Property beats other investments over 25 years
The expression “safe as houses” rings true when comparing UK residential property to stocks and commodities according to Tom Bill, Head of London Residential Research
1 minute to read
It is 25 years since the Land Registry began to collect data for residential property transactions in England and Wales.
Knight Frank has marked the occasion by analysing how prices have changed since 1995 for property and a range of other investments. It is a long-term view in an era of unprecedented short-term volatility.
During the Covid-19 pandemic we have heard investment mantras repeated often, including “cash is king”, “buy the dip” and “never invest in something you don’t understand”. The last one is admittedly less snappy but is one Warren Buffett’s key investment criteria.
A look back over the last 25 years demonstrates how the expression “safe as houses” also rings true during times of great uncertainty.
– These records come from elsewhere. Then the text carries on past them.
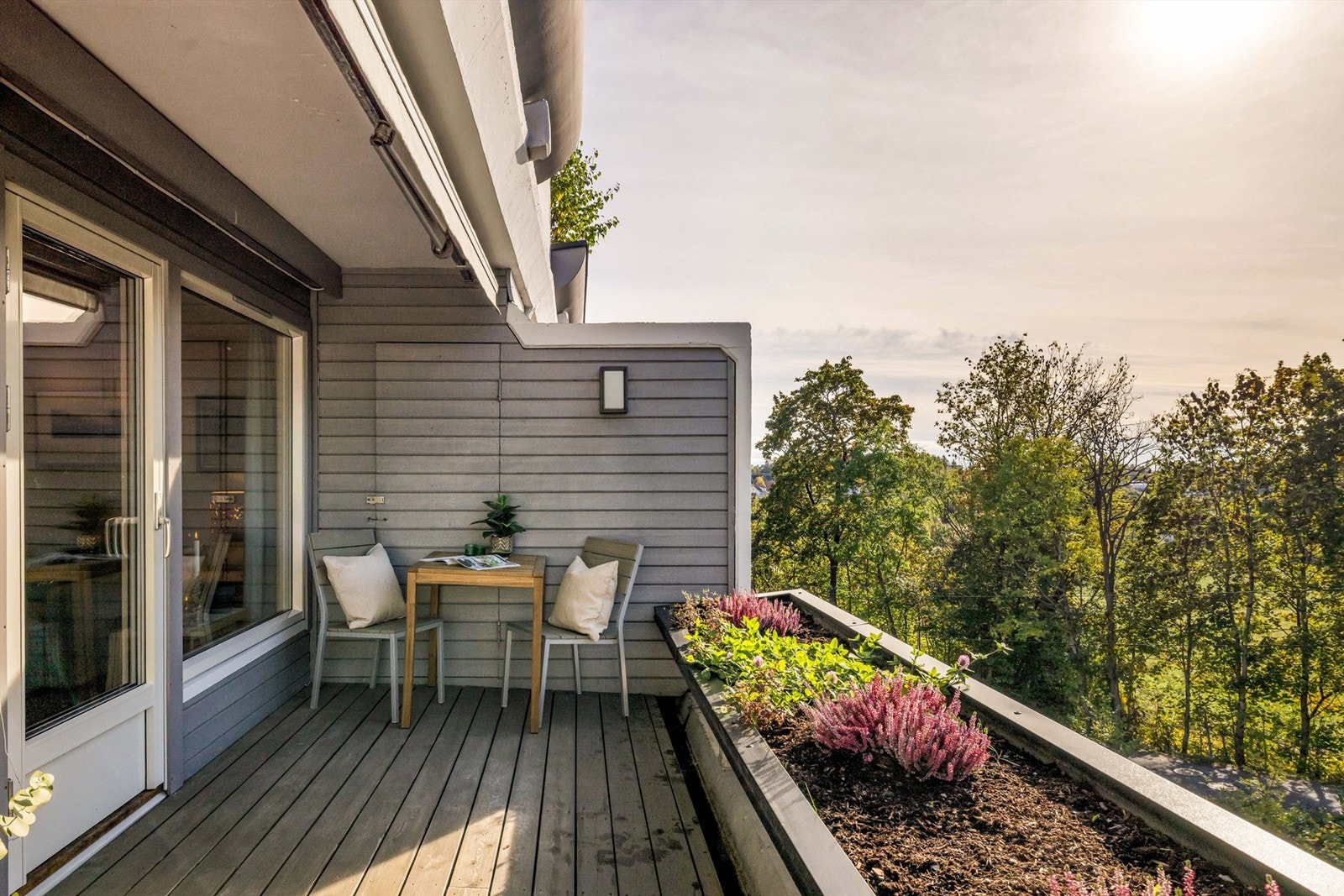 I tilknytning til verandaen er det også en praktisk bod på ca. 2 kvm. Verandaen har terrassebord på gulvet, belysning, stikkontakt og varmelampe på yttervegg, samt manuell markise. Galleribilde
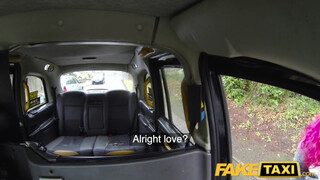 Fake Taxi - Hájas tetovált bige benne van a szexben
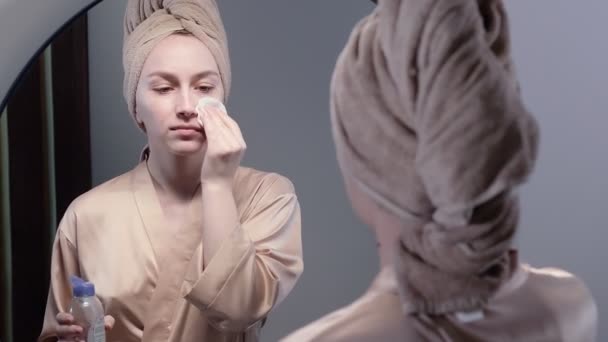 Жінка Використовує Зволожуючу Піну Миття Обличчя Усміхненої Ранкової Шкіри — стокове відео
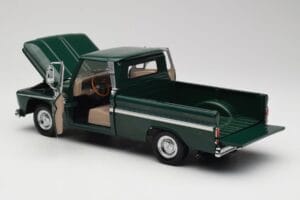 Chevrolet C-10 Verde Sun Star 1:18 1360 Metal - imagem 5 de 8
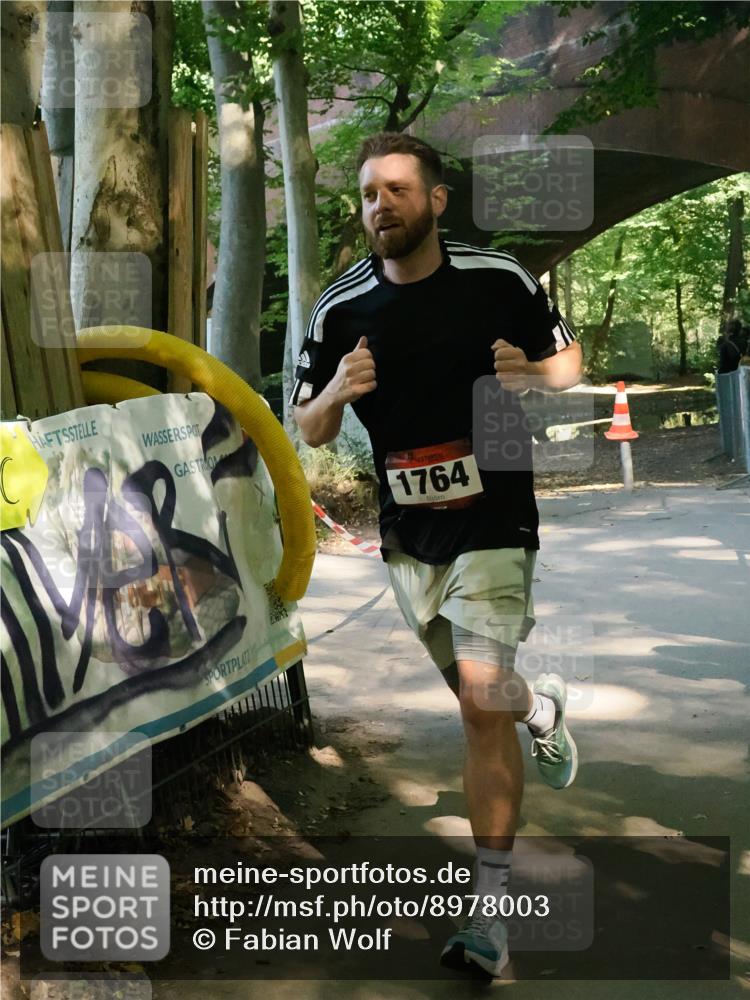 28.09.2025 - 33. Volkslauf durch das schöne Alstertal Fabian Wolf http://msf.ph/oto/8978003 28.09.2025 11:57:52 Laufen 1764 meine-sportfotos.de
Between the start of 1995 and 2020, prime central London (PCL) property prices fared better than stocks and a range of commodities – and this is before the full impact of the turbulence of recent weeks is taken into account.
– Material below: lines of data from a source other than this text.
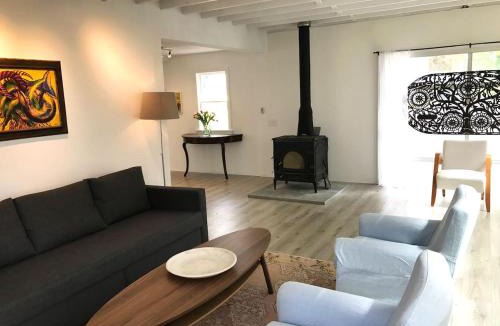 Claverack-Red Mills Apartment | Dream Guesthouse - Cool, Country, Chic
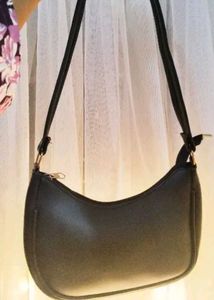Chic Black Shoulder Handbag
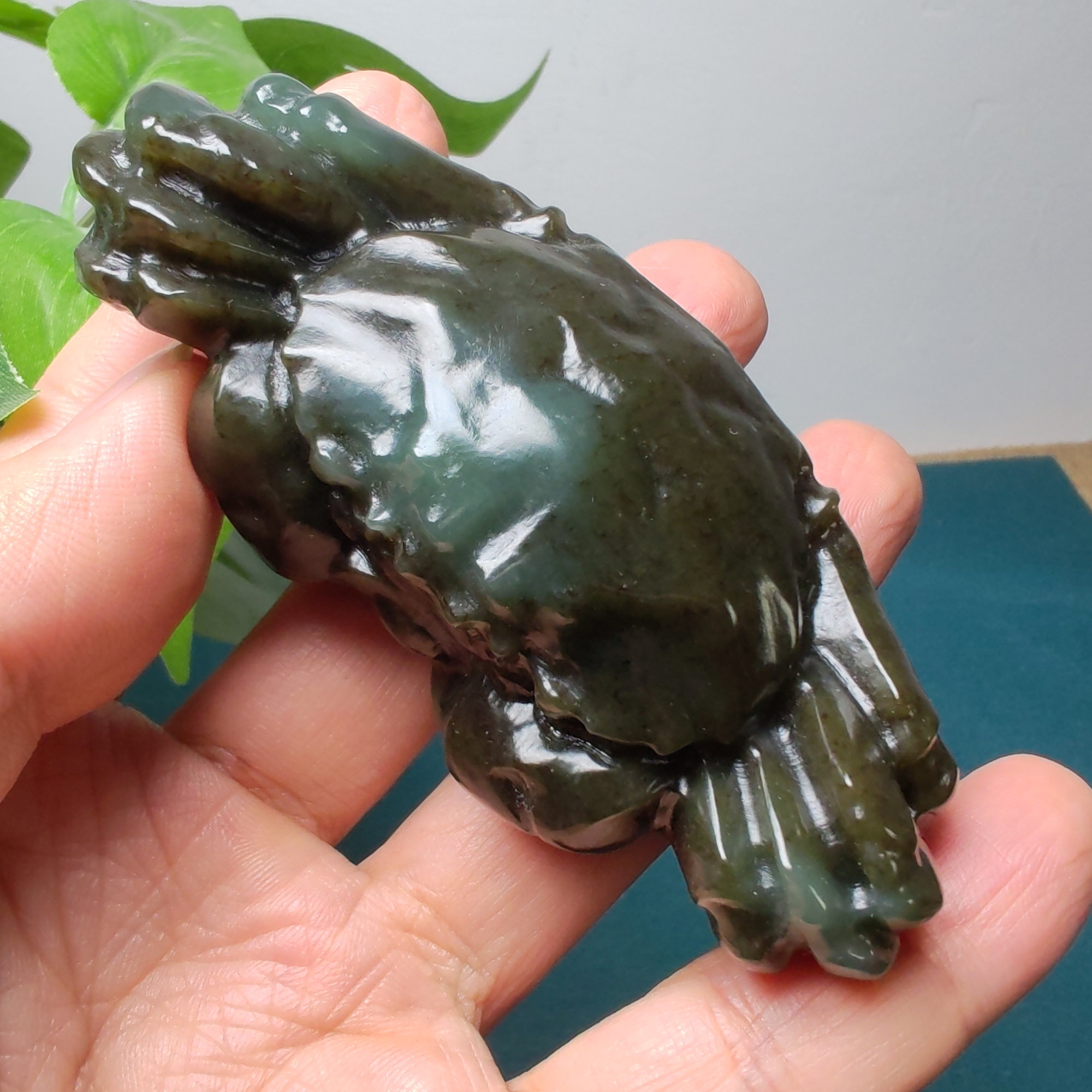 新疆和田玉且末蓝调糖玉立体螃蟹文玩茶宠小摆件特价男女八方来财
An increase of 458% meant it was the best performing asset class, followed by property in England and Wales, which grew by 357% over the last quarter-century.
Gold, another traditional safe haven asset, was third with growth of 323%.
The reason residential property has performed so strongly is tied to demographics as well as economics, something my colleague Oliver Knight will be analysing in more detail.
In very broad terms, demand has outweighed supply and that balance appears unlikely to tip back the other way any time soon. By applying such fundamentals to decision-making, people will have a better chance of seeing beyond the current period of uncertainty.